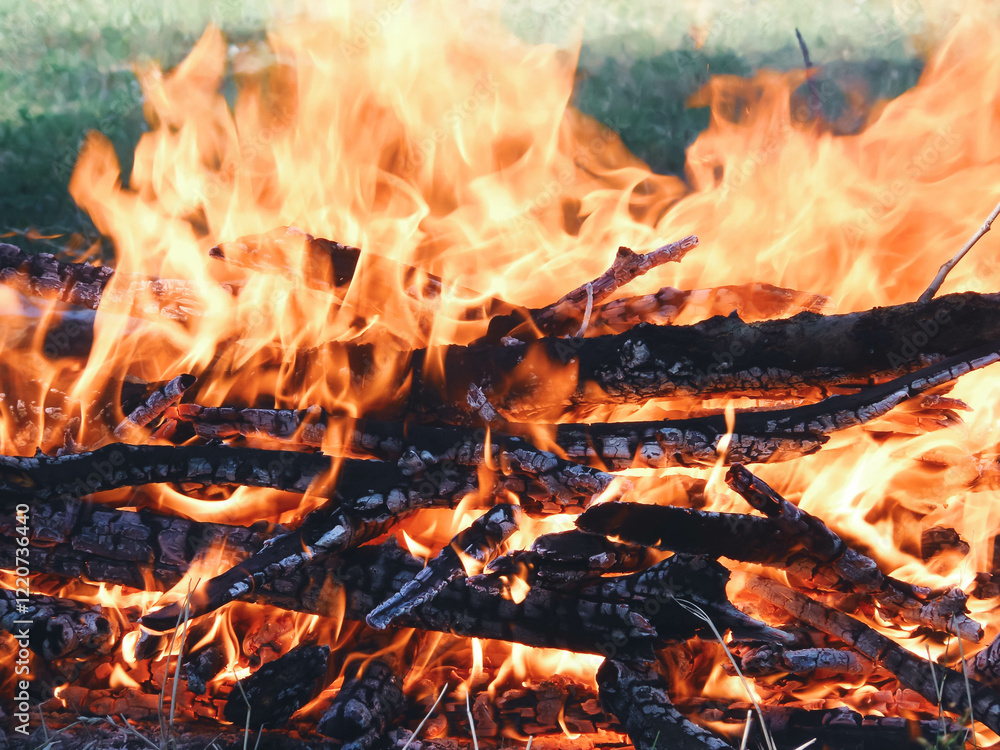 Fototapeta premium bonfire, fire, wood, burning, flame,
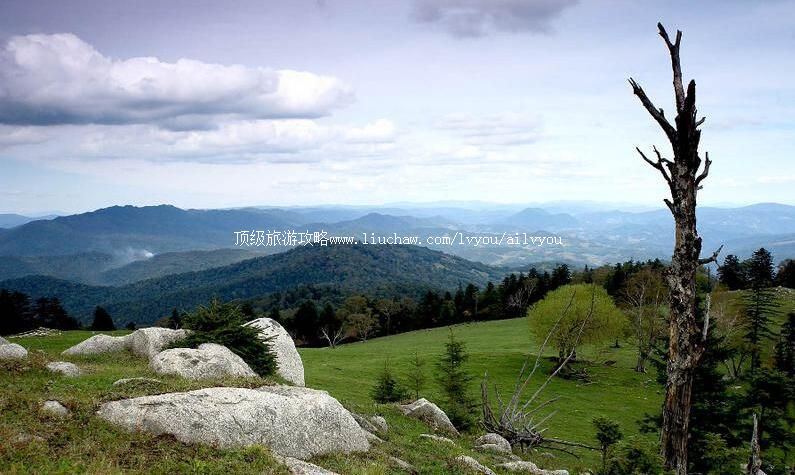 ����������ͺ���ӹ��Ҽ���Ȼ���������ι���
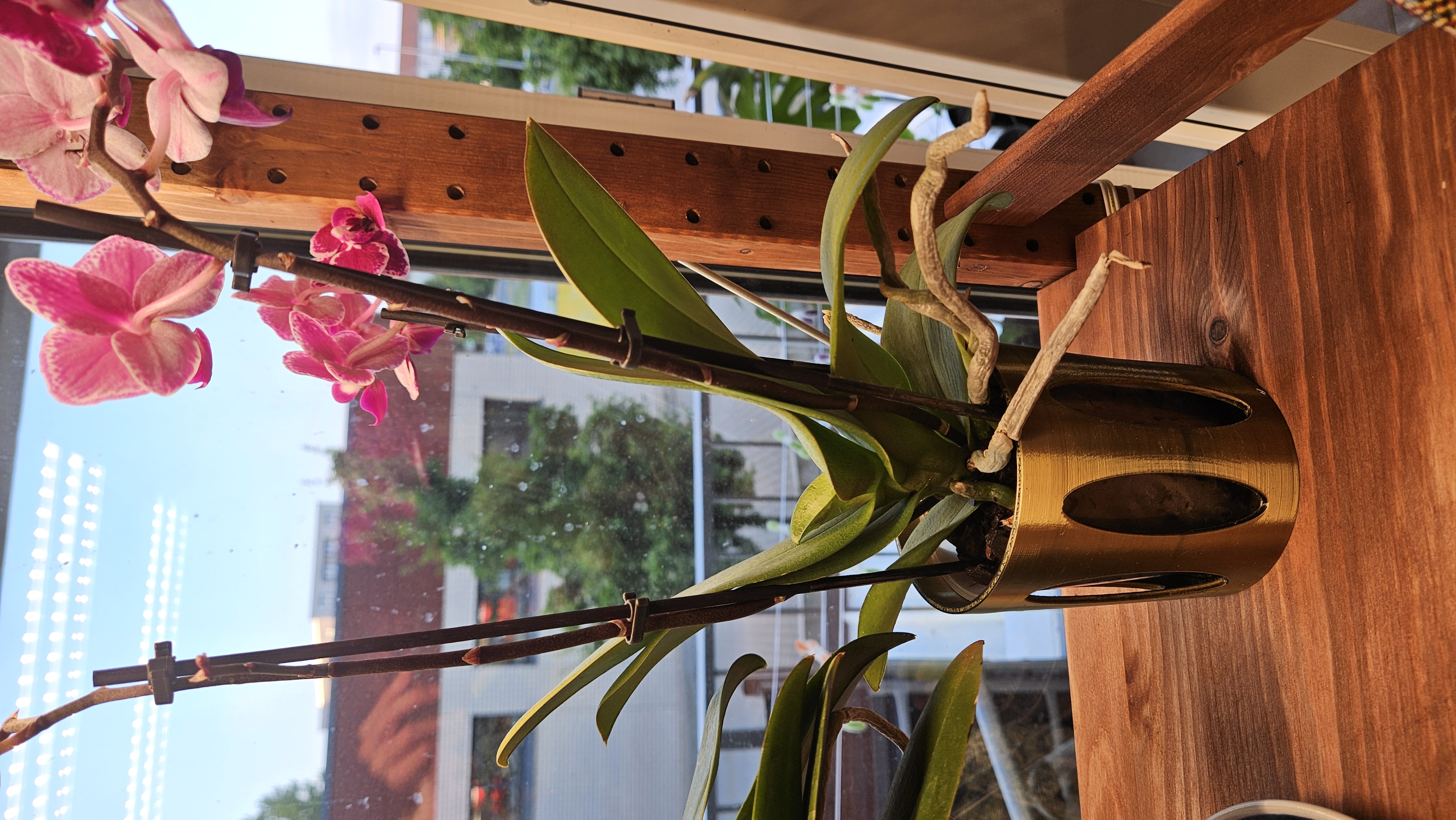 Cat proof orchid pot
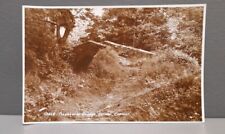 Vintage postcard exmoor for sale  NELSON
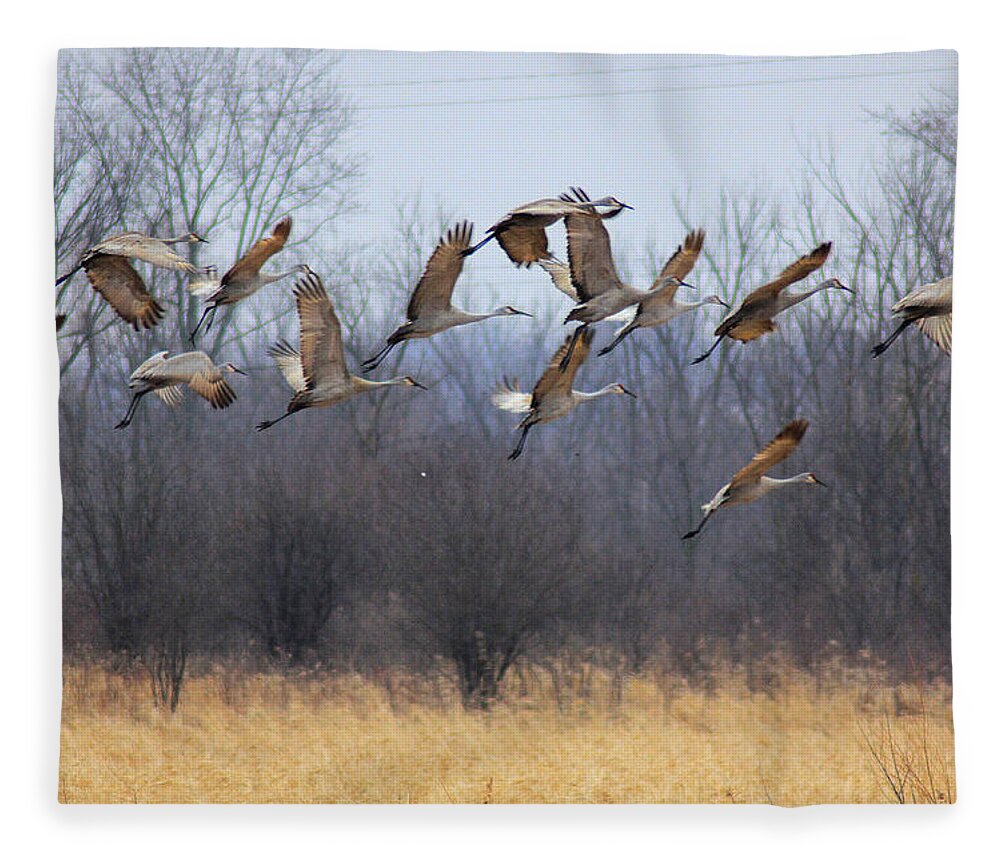 Sandhill Cranes Fleece Blanket featuring the photograph Poetry In Motion by Viviana Nadowski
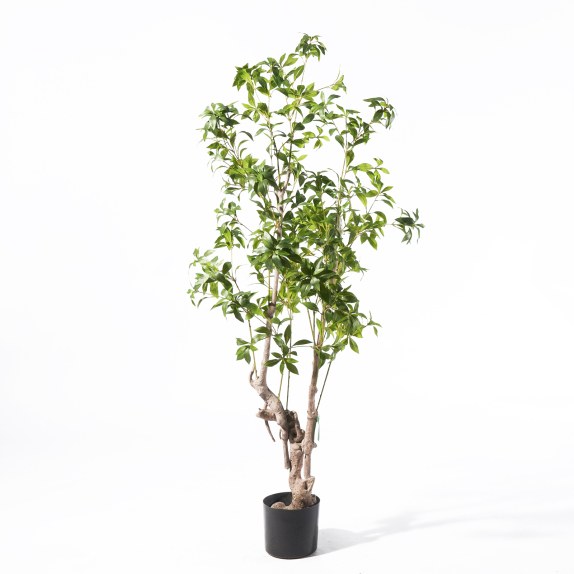 Supergreens Τεχνητο Δέντρο Φίκος "Japonica" Πράσινο 175 εκ.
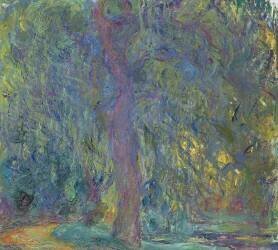 Weeping Willow (Claude Monet) - Muzeo.com
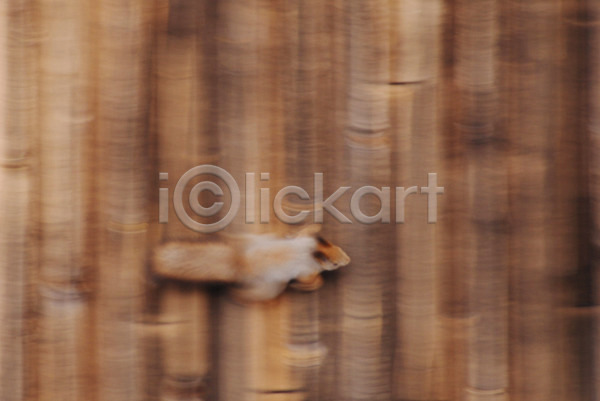 이동 사람없음 JPG 포토 해외이미지 다람쥐 목재 벽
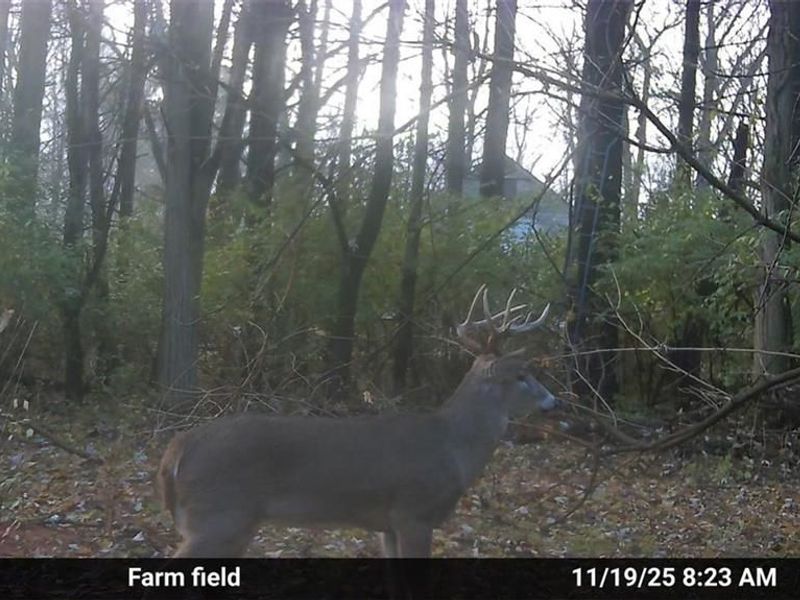 4004 Sintz Road, Springfield, OH 45504 Photo 21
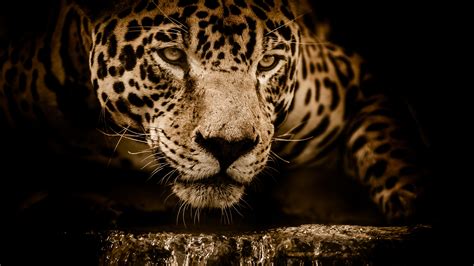 Desktop Wallpapers Jaguar Big Cats Whiskers Snout Glance 3840x2160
-=-=-
| Task goal |
The copy should hold exactly the lines from the line containing "Vintage postcard exmoor" through the last line of the records, both included, and no pictures or other lines.

| Result |
 Vintage postcard exmoor for sale  NELSON
 Sandhill Cranes Fleece Blanket featuring the photograph Poetry In Motion by Viviana Nadowski
 Supergreens Τεχνητο Δέντρο Φίκος "Japonica" Πράσινο 175 εκ.
 Weeping Willow (Claude Monet) - Muzeo.com
 이동 사람없음 JPG 포토 해외이미지 다람쥐 목재 벽
 4004 Sintz Road, Springfield, OH 45504 Photo 21
 Desktop Wallpapers Jaguar Big Cats Whiskers Snout Glance 3840x2160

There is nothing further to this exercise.